Add EfficientDiD documentation and tutorial notebook by igerber · Pull Request #199 · igerber/diff-diff

igerber · 2026-03-15T15:36:03Z

Summary

Create RST API page (docs/api/efficient_did.rst) with autoclass directives, usage examples, and estimator comparison table
Create tutorial notebook (docs/tutorials/15_efficient_did.ipynb) covering basic usage, PT-All vs PT-Post, efficiency gains Monte Carlo, event study visualization, group aggregation, bootstrap inference, diagnostics, anticipation, and three-way estimator comparison (EDiD vs CS vs ImputationDiD)
Integrate EfficientDiD into docs/api/index.rst (estimators, results classes, module toctree)
Add EfficientDiD to docs/choosing_estimator.rst (decision flowchart, quick reference table, detailed guidance section)
Add tutorial 15 listing to docs/tutorials/README.md
Add EDiD to README.md features bullet, tutorials table, and detailed estimator section

Methodology references (required if estimator / math changes)

Method name(s): N/A - no methodology changes (documentation only)
Paper / source link(s): N/A
Any intentional deviations from the source (and why): None

Validation

Tests added/updated: No test changes (documentation only)
Backtest / simulation / notebook evidence (if applicable): Tutorial notebook validated via jupyter nbconvert --execute - all cells pass

Security / privacy

Confirm no secrets/PII in this PR: Yes

Generated with Claude Code

- Create docs/api/efficient_did.rst with API reference, examples, and comparison table (EDiD vs CS vs ImputationDiD) - Create docs/tutorials/15_efficient_did.ipynb covering basic usage, PT-All vs PT-Post, efficiency gains, event study, bootstrap, diagnostics, anticipation, and three-way estimator comparison - Add EfficientDiD to docs/api/index.rst (estimators, results, toctree) - Add EfficientDiD to docs/choosing_estimator.rst (flowchart, table, detailed guidance section) - Add tutorial 15 to docs/tutorials/README.md - Add EDiD to README.md features, tutorials table, and estimator section Co-Authored-By: Claude Opus 4.6 (1M context) <noreply@anthropic.com>

github-actions · 2026-03-15T15:41:06Z

Overall Assessment

⚠️ Needs changes

Executive Summary

This is a documentation-only PR, but the main new docs/tutorial content for EfficientDiD overstates the scope of PT-Post equivalence to Callaway-Sant’Anna.
The blocker is methodological: multiple files say pt_assumption="post" is simply “= CS”, while the current implementation only aligns cleanly with the never-treated, post-treatment CS path; CS’s default pre-treatment/event-study diagnostics use different base-period logic.
The tutorial also imports “few clusters” bootstrap guidance into EfficientDiD, even though clustered inference is explicitly not implemented for this estimator.
The new API page and notebook use a different bibliographic citation than the Methodology Registry’s canonical EfficientDiD reference.
I did not find code, security, or performance regressions in the changed files.
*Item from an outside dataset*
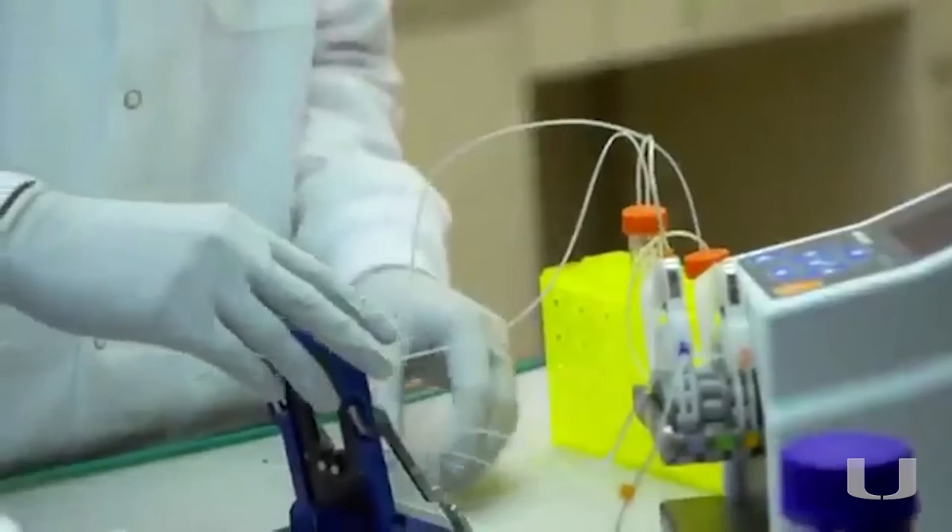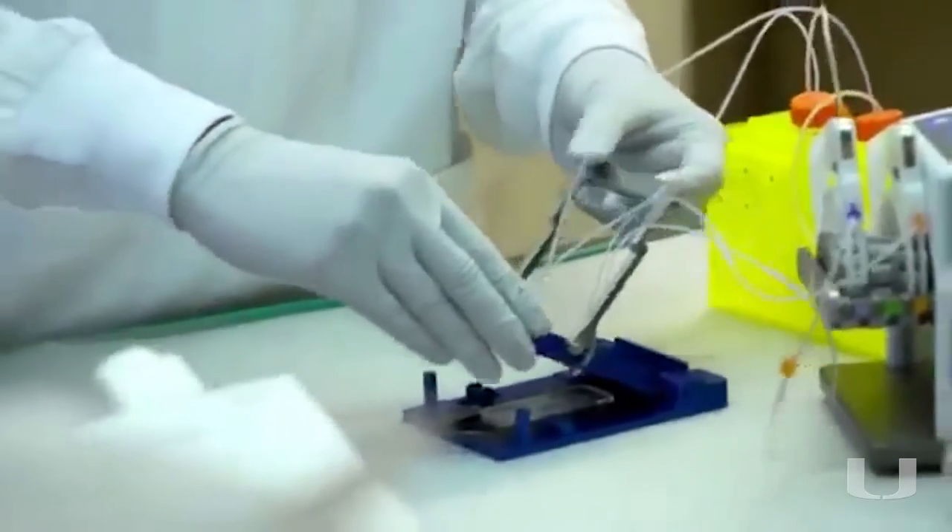I personally see short-term and long-term applications of this technology. In the short term, we can already start getting samples from individual patients and test therapy specific to that patient in a dish before doing it in a patient — so personalized therapy is really on the horizon.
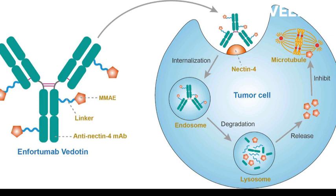Enfortumab Vedotin is a combination of an antibody and a chemotherapy drug called monomethyl auristatin E (MMAE). The antibody binds to a protein called NECTIN4, which is found on the surface of cancer cells, and delivers the MMAE directly to the cancer cells.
The notebook JSON parses and its code cells compile syntactically.

Methodology

Severity P1. Impact: the new docs repeatedly state or imply that PT-Post is fully equivalent to Callaway-Sant’Anna, including in contexts that use aggregate='all' or event-study output: README.md:1093, README.md:1103, docs/api/efficient_did.rst:12, docs/api/efficient_did.rst:97, docs/api/efficient_did.rst:147, docs/choosing_estimator.rst:68, docs/choosing_estimator.rst:241, docs/tutorials/15_efficient_did.ipynb:159, docs/tutorials/15_efficient_did.ipynb:200, docs/tutorials/15_efficient_did.ipynb:554. That is broader than the current implementation. EfficientDiD fixes the PT-Post baseline at g-1-anticipation for all target periods (diff_diff/efficient_did.py:304), whereas CallawaySantAnna defaults to base_period="varying" and switches pre-treatment periods to t-1 (diff_diff/staggered.py:470). The repo’s own regression test only asserts exact PT-Post matching for post-treatment effects (tests/test_efficient_did.py:901). Concrete fix: scope the claim to “matches CallawaySantAnna(control_group="never_treated") for post-treatment ATT(g,t) and derived post-treatment aggregations”; explicitly note that pre-treatment/event-study diagnostics differ from CS’s default base_period="varying" unless the comparison is limited or base_period="universal" is used.
Severity P2. Impact: the tutorial recommends Webb weights “when clusters are very few” in the EfficientDiD bootstrap section (docs/tutorials/15_efficient_did.ipynb:328), but EfficientDiD currently rejects clustered inference outright (diff_diff/efficient_did.py:87), and the registry documents Phase 1 as multiplier bootstrap on EIF values rather than clustered bootstrap (docs/methodology/REGISTRY.md:579). Concrete fix: remove the few-cluster recommendation from the EfficientDiD tutorial or explicitly say these are available multiplier distributions and that clustered inference is not yet supported for this estimator.

Code Quality

No findings in the changed files.

Performance

No findings in the changed files.

Maintainability

No findings in the changed files.

Tech Debt

No new tech-debt blocker. This PR appears to address the existing tracked docs/tutorial item at TODO.md:49.

Security

No findings. I did not see secrets, tokens, or PII introduced in the changed files.

Documentation/Tests

Severity P3. Impact: the new EfficientDiD API page and notebook use a different bibliographic record than the Methodology Registry: docs/api/efficient_did.rst:29, docs/tutorials/15_efficient_did.ipynb:574, versus the canonical registry citation at docs/methodology/REGISTRY.md:483. Concrete fix: use the registry citation consistently across the new docs/notebook.
No additional test finding on the diff itself. The notebook JSON is valid and its code cells compile, but I could not execute it in this review environment because numpy is not installed.

Path to Approval

Replace the blanket = CS / “equivalent to Callaway-Sant’Anna” language in the README, API page, estimator guide, and notebook with scoped wording that is true for the current implementation: post-treatment equivalence to CallawaySantAnna(control_group="never_treated"), not universal equivalence across pre-trend/event-study outputs.
Update the tutorial comparison narrative/output so it does not promise that PT-All has “the same ATT” as CS in finite samples; phrase that as targeting the same estimand or compare only the post-treatment quantities the implementation actually matches.
Remove or qualify the “Webb for very few clusters” guidance in the EfficientDiD bootstrap tutorial until clustered inference exists for this estimator.
Align the EfficientDiD reference text in the API page and notebook with the canonical citation in docs/methodology/REGISTRY.md.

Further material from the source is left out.